The toastie production line is at breaking point as students wait four-deep for a hot snack before classes begin at Leighland Christian School at Ulverstone.

Chaplain Julie McLean and her two student volunteers at the school’s breakfast club are efficient but hampered by the lack of another powerpoint to run the third, four-sandwich toaster.

More than 50 high school students and a few daring primary school pupils have descended on the drama room for the Friday breakfast feast of yoghurt, apples, juice, cheese or ham and cheese toasties. It’s a calm, warm and inviting space. Music plays in the background as students wander in from just after 8am until the frantic last call nearing 9am. 

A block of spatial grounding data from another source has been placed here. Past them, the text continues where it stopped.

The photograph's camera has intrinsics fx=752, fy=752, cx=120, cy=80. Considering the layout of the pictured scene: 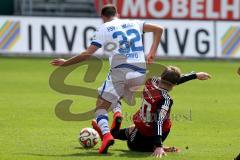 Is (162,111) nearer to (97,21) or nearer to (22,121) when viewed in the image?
(22,121)

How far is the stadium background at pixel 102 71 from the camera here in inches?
437

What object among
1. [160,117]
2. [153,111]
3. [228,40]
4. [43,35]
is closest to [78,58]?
[153,111]

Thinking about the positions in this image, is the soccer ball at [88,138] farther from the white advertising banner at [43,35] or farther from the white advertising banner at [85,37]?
the white advertising banner at [43,35]

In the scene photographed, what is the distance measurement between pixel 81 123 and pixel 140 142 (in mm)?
3266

Breakfast club is a partnership between Devonport Chaplaincy, which manages school chaplains, and its sister organisation, Loaves and Fishes Tasmania, which provides the food, including making up the ham and cheese sandwiches ready for a smear of butter or Nuttelex before toasting.

For some, the toasted sandwich is a second breakfast, for others it’s the breakfast they didn’t get time to eat at home, while for others it’s the only breakfast they were ever going to get.

Chaplain Julie says the spiritual, social and emotional connections of various age groups mingling in a neutral space is as important, or more so, than the food.

“Some need food, some companionship; it’s about building the Leighland’s community,” she said.

“This is a safe space where there are no cliques or groups, just students from different years interacting together.

“It’s great when you see kids checking in with each other, being grateful for the food and being part of something bigger than just themselves.”

While the breakfast club is for high school students at this stage, half a dozen primary-age boys have turned up, staying on the fringes and not making a fuss in case they get noticed and are asked to leave. Instead, they are welcomed and fed along with everyone else. (The school plans to trial a primary school club in the near future.)

Toasted sandwiches and fruit are delivered to the school bus stop and handed to students who arrive as the bell goes for the start of classes. As a regional school, students attend from Port Sorell, Gunns Plains, Wynyard and Burnie. Many have had a long day before the first book is opened.

Food is also supplied to “The Well” a calm and relaxed space for students who struggle with crowds and noise.

Julie said she would like to train up more volunteers to allow the breakfast club to operate more frequently, and to include the entire school body.

She is also wanting to add Milo to the breakfast mix, no doubt a sure recipe for even more customers, particularly in the colder months.